A generalizable hyperparameter tuning template.
Using the previous basic model, I’m going to setup a template for automating hyperparameters. In this instance the complexity of the model isn’t as important as developing the template.
import tensorflow as tf
print(tf.__version__)
from numpy.random import seed
seed(1)
tf.random.set_seed(1234)
One of the incorporations will be a new activation function we need to create.
from tensorflow.keras.activations import sigmoid
def swish(x, beta = 1):
return (x * sigmoid(beta * x))
We then add the newly created activation to the existing activation selections.
from tensorflow.keras.utils import get_custom_objects
from tensorflow.keras.layers import Activation
get_custom_objects().update({'swish': Activation(swish)})

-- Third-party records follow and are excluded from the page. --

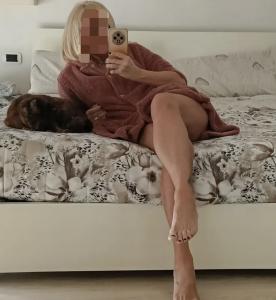 643434173: Chica busca chico en Navarra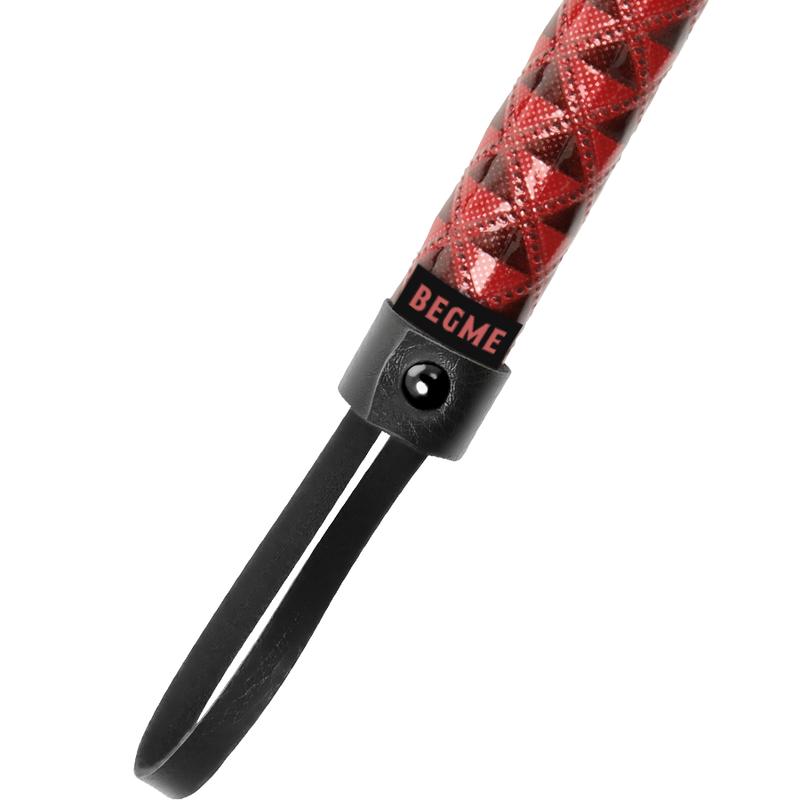BEGME - RED EDITION VEGAN LEATHER FLOGGER — zdjęcie 4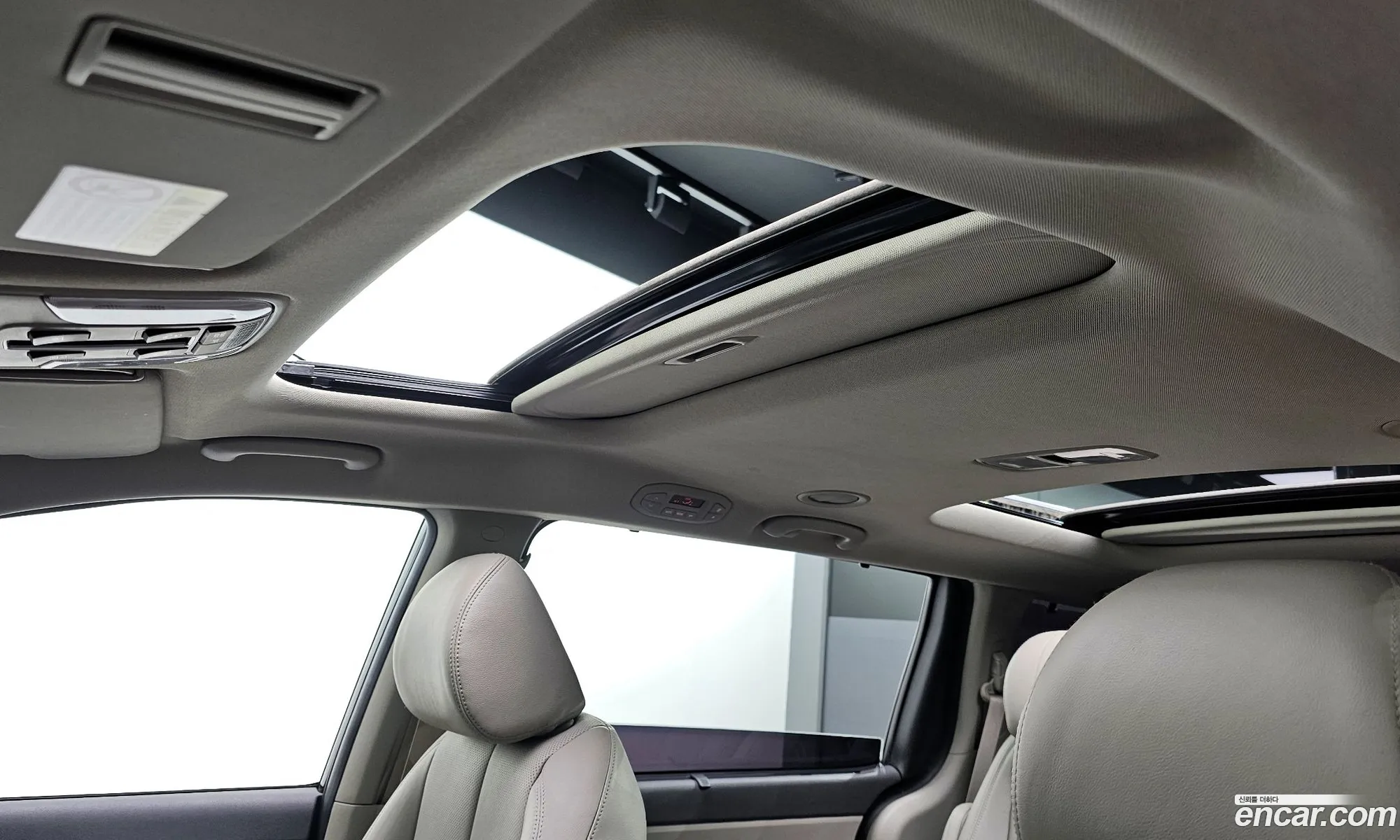 Kia Carnival 2017 KNAMB81ABHS340689 — 20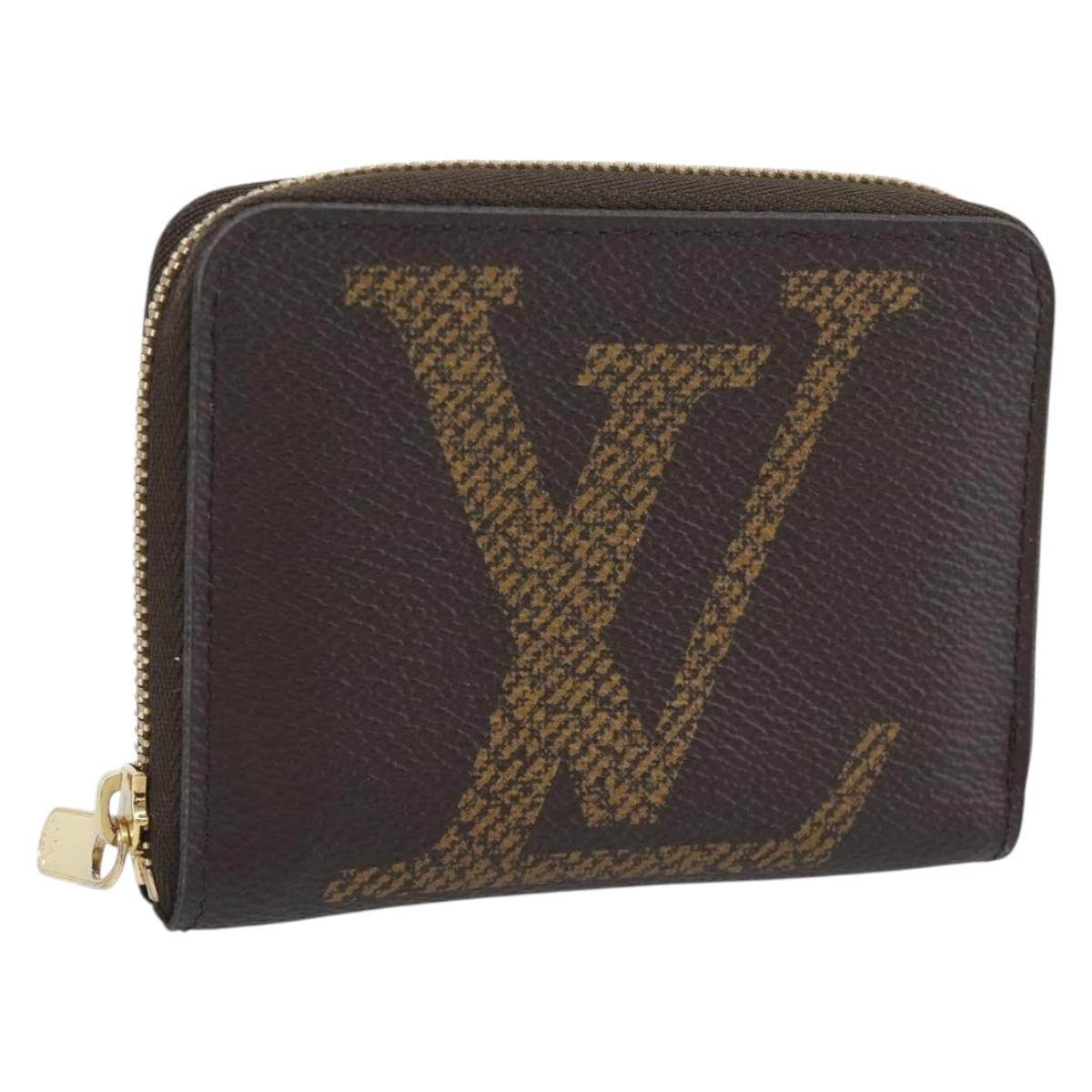 LOUIS VUITTON Monogram Giant Zippy Coin Purse Coin Purse M67690 LV Auth BA14732M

Next in order to see the results of our hyperparameter selections, we’d like to see the accuracy of each epoch. Myy solution is to create a callback that only returns the epoch, and corresponding parameters, of the highest accuracy epoch.

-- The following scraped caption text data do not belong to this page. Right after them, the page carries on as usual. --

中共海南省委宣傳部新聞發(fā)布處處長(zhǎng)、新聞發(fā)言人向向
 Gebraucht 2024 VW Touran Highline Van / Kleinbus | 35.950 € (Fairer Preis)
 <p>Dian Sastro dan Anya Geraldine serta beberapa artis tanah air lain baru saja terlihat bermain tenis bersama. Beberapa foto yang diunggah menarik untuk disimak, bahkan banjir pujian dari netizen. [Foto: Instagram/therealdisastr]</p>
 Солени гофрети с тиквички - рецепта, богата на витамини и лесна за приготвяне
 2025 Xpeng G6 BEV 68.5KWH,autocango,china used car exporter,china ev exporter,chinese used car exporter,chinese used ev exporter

from tensorflow.keras.callbacks import Callback
class my_callbacks(Callback):
def on_train_begin(self, logs=None):
self.beginning_accuracy = 0.0
def on_epoch_begin(self, epoch, logs={}):
current_accuracy=self.beginning_accuracy
def on_epoch_end(self,epoch,logs={}):
current_accuracy=logs.get('accuracy')
if current_accuracy>self.beginning_accuracy:
print('Newer accuracy is better than old')
test.update({'accuracy':current_accuracy,'epochs':epoch})
self.beginning_accuracy = current_accuracy
mnist = tf.keras.datasets.fashion_mnist
(training_images, training_labels), (test_images, test_labels) = mnist.load_data()
training_images = training_images / 255.0
test_images = test_images / 255.0
Here I’ve created a dictionary for items I want to include for testing: epochs,activation. I like using the dictionary because I think it helps readibility.
test_parameters = ({'epochs':1, 'activation':'swish'},
{'epochs':5, 'activation':'swish'},
{'epochs':10, 'activation':'swish'},
{'epochs':1, 'activation':'relu'},
{'epochs':5, 'activation':'relu'},
{'epochs':10, 'activation':'relu'})
Then we loop through our model, each time introducing our current dictionary values and appending the results to our “test parameters” dictionary for later analysis.
for test in test_parameters:
model = tf.keras.models.Sequential([tf.keras.layers.Flatten(),
tf.keras.layers.Dense(128, activation=test["activation"]),
tf.keras.layers.Dense(10, activation=tf.nn.softmax)])
model.compile(optimizer = 'adam',
loss = 'sparse_categorical_crossentropy',
metrics=['accuracy'],
verbose=0)
model.fit(training_images,
training_labels,
epochs=test["epochs"],
callbacks=[my_callbacks()])
model.evaluate(test_images,
test_labels,
verbose=0)
print(test_parameters)
({‘epochs’: 0, ‘activation’: ‘swish’, ‘accuracy’: 0.82645}, {‘epochs’: 4, ‘activation’: ‘swish’, ‘accuracy’: 0.8958167}, {‘epochs’: 9, ‘activation’: ‘swish’, ‘accuracy’: 0.9163667}, {‘epochs’: 0, ‘activation’: ‘relu’, ‘accuracy’: 0.82301664}, {‘epochs’: 4, ‘activation’: ‘relu’, ‘accuracy’: 0.891}, {‘epochs’: 9, ‘activation’: ‘relu’, ‘accuracy’: 0.90995})
Note:Epochs are indices, hence 0,4,9 vs 1,5,10